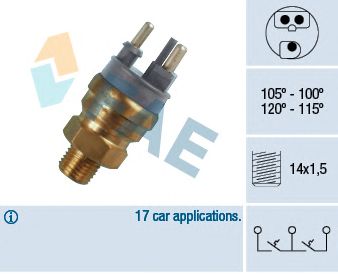 Comutator temperatura, ventilator radiator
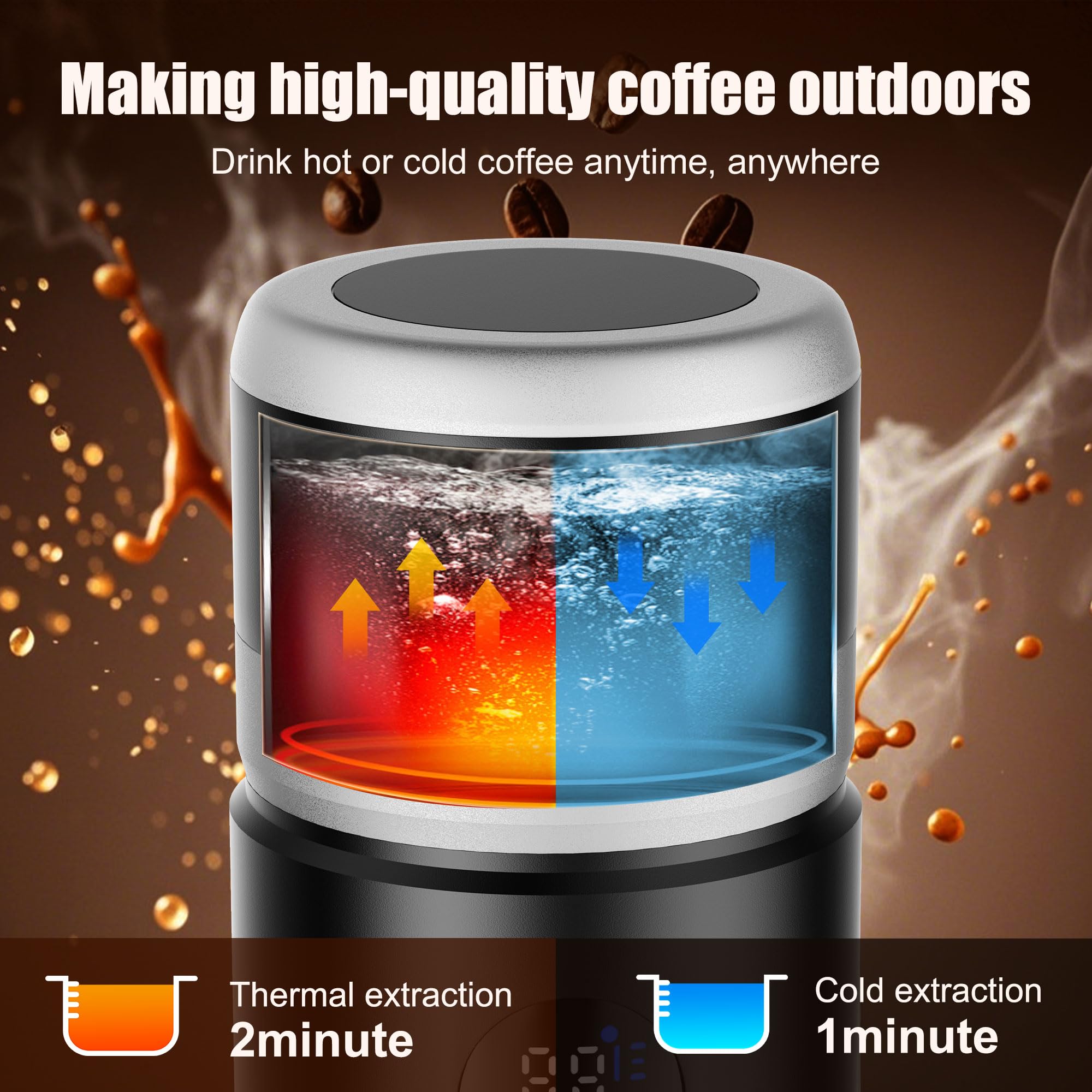 Ceshu compatible con café molido y cápsulas para mayor flexibilidad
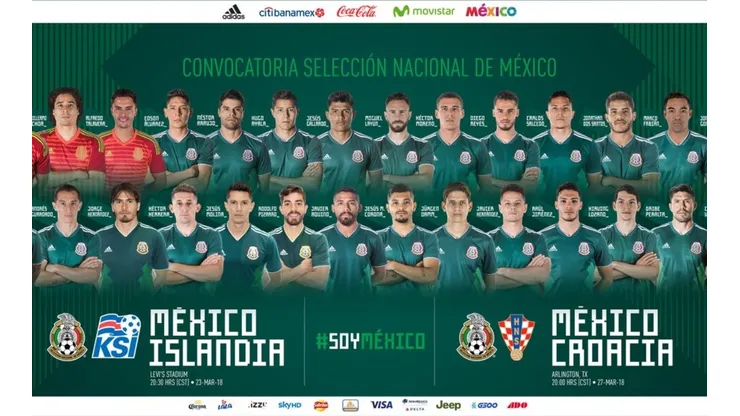Lista de convocados por Juan Carlos Osorio para los amistosos contra Islandia y Croacia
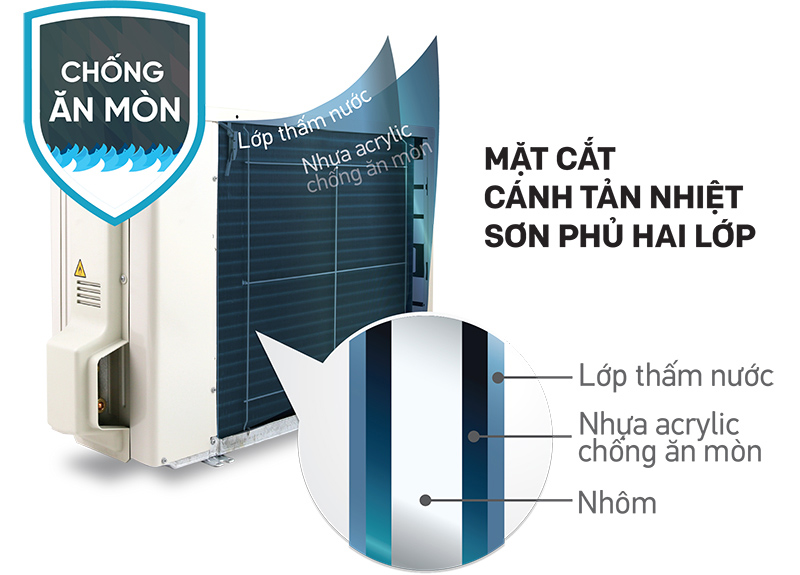 Dàn tản nhiệt ống đồng cánh nhôm sơn phủ 2 lớp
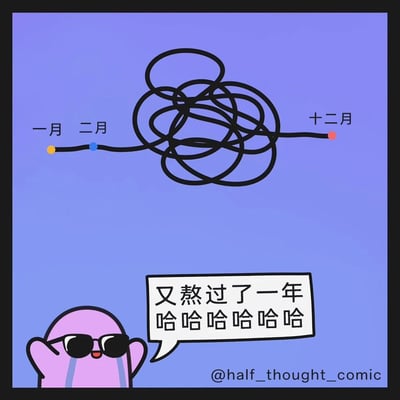 一张卡通风格的年度总结梗图，以蓝色为背景。左侧标注'一月'（黄色圆点）和'二月'（蓝色圆点），通过一条直线连接到中间一团极其复杂混乱的黑色缠绕线条，最后从缠绕线条中引出一条直线连接到右侧标注'十二月'（红色圆点）。画面下方左侧有一个戴着墨镜的紫色卡通角色，脸上流着蓝色的眼泪，旁边配有对白气泡：'又熬过了一年 哈哈哈哈哈哈'，用幽默自嘲的方式表达了度过艰难一年的复杂心情。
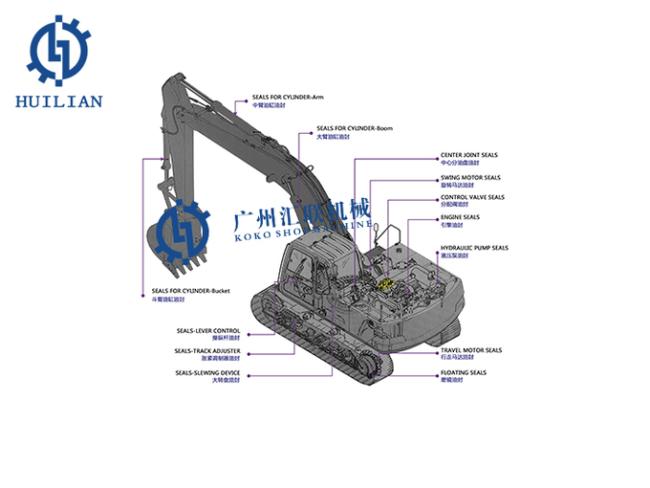 Excavator Main Control Service Kit 563-6678KT Main Control Valve Seal kit For CATEEEEEEEEEEEE330GC 1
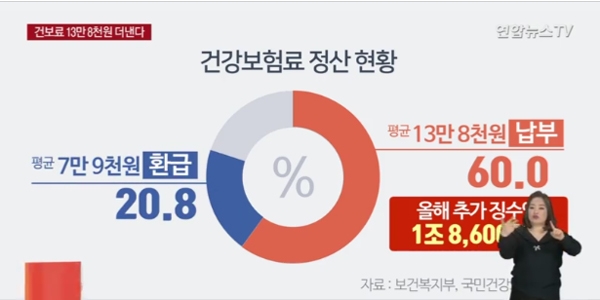 직장인 840만명, 지갑이 얇아지게 생겼다....앗! 혹시 나도?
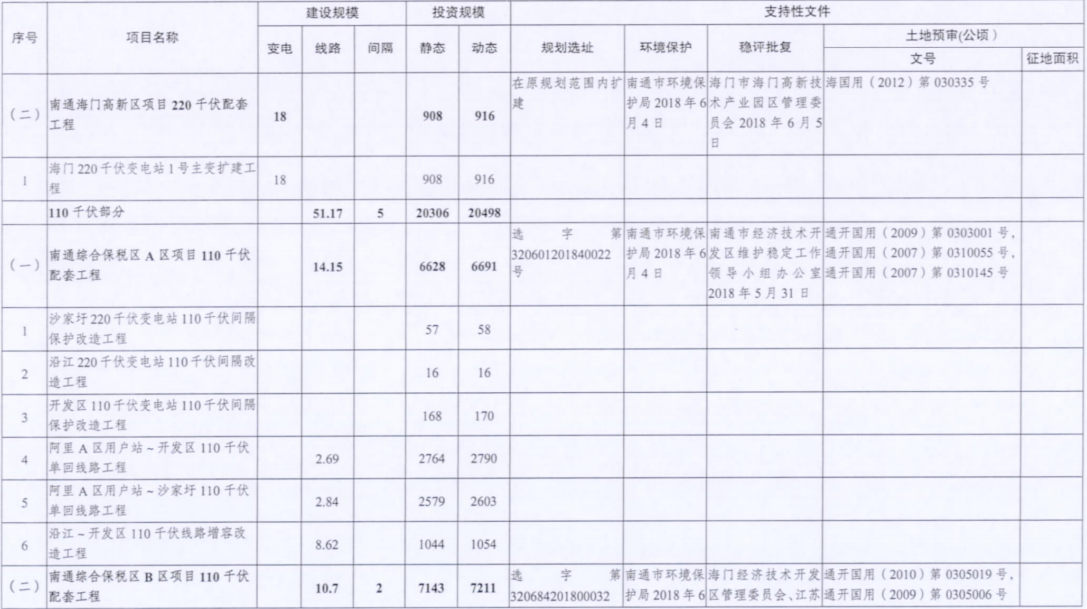 電網(wǎng)投資達(dá)3.5億元！江蘇批復(fù)300兆瓦海上風(fēng)電場(chǎng)220千伏送出工程等電網(wǎng)項(xiàng)目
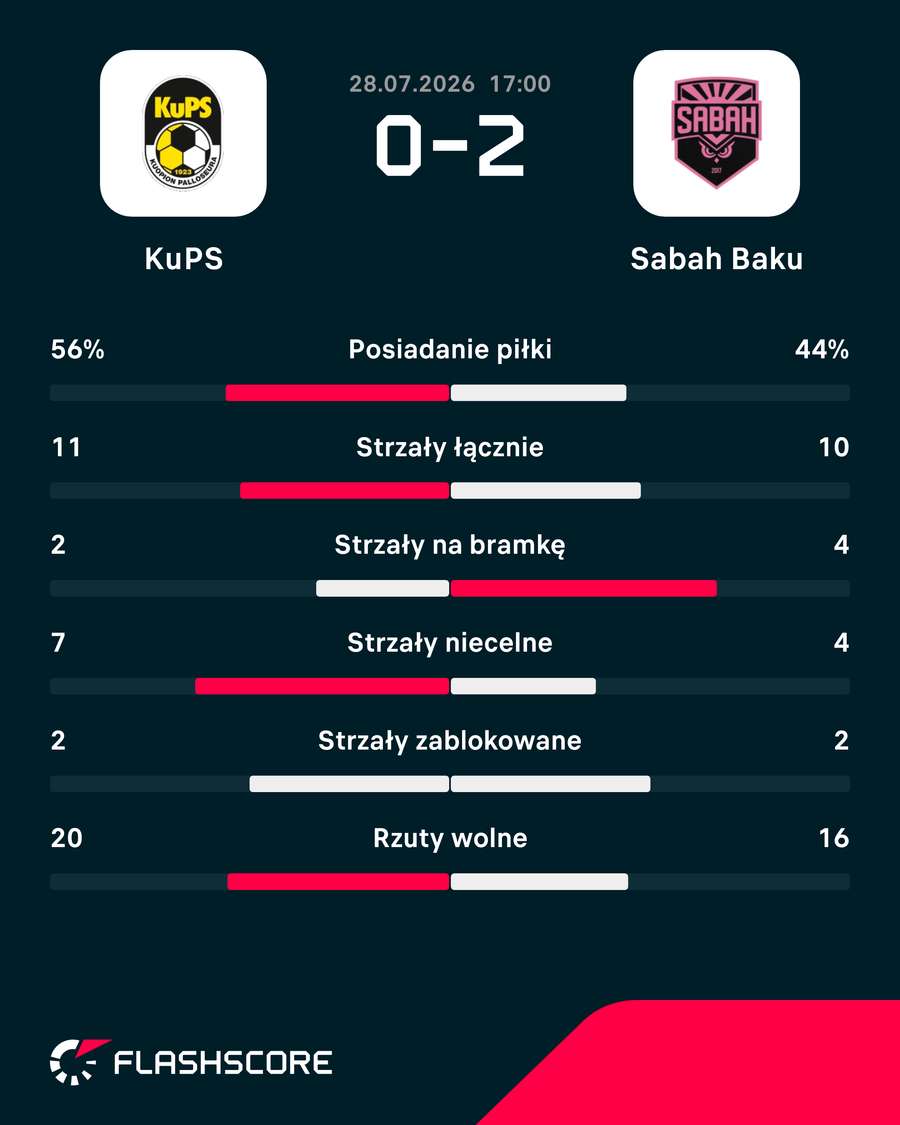 Statystyki meczu KuPS Kupio - Sabah FC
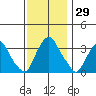 Newport Landing tide chart for Wednesday, November 29, 2023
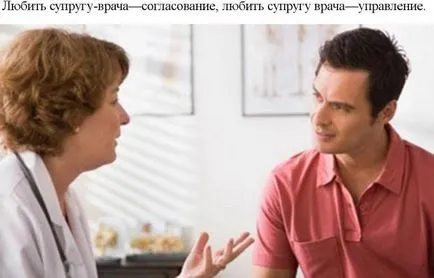 Комуникация 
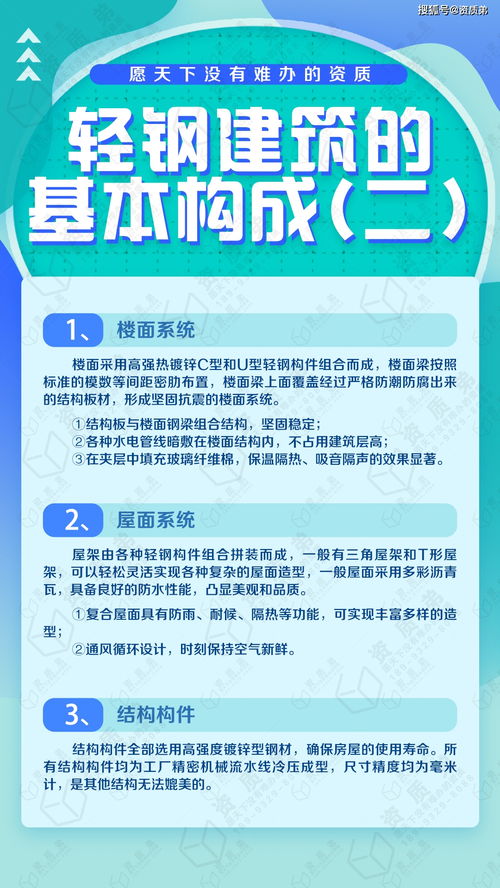 輕鋼建筑中的樓面系統、屋面系統與結構構件在建筑勞務分包中的關鍵作用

» The task
The answer is to be the lines from the line that contains "Statystyki meczu KuPS Kupio - Sabah FC" through the last line of the material, retyped exactly, both included, with pictures left out, please.

» Task output
 Statystyki meczu KuPS Kupio - Sabah FC
 Newport Landing tide chart for Wednesday, November 29, 2023
 Комуникация 
 輕鋼建筑中的樓面系統、屋面系統與結構構件在建筑勞務分包中的關鍵作用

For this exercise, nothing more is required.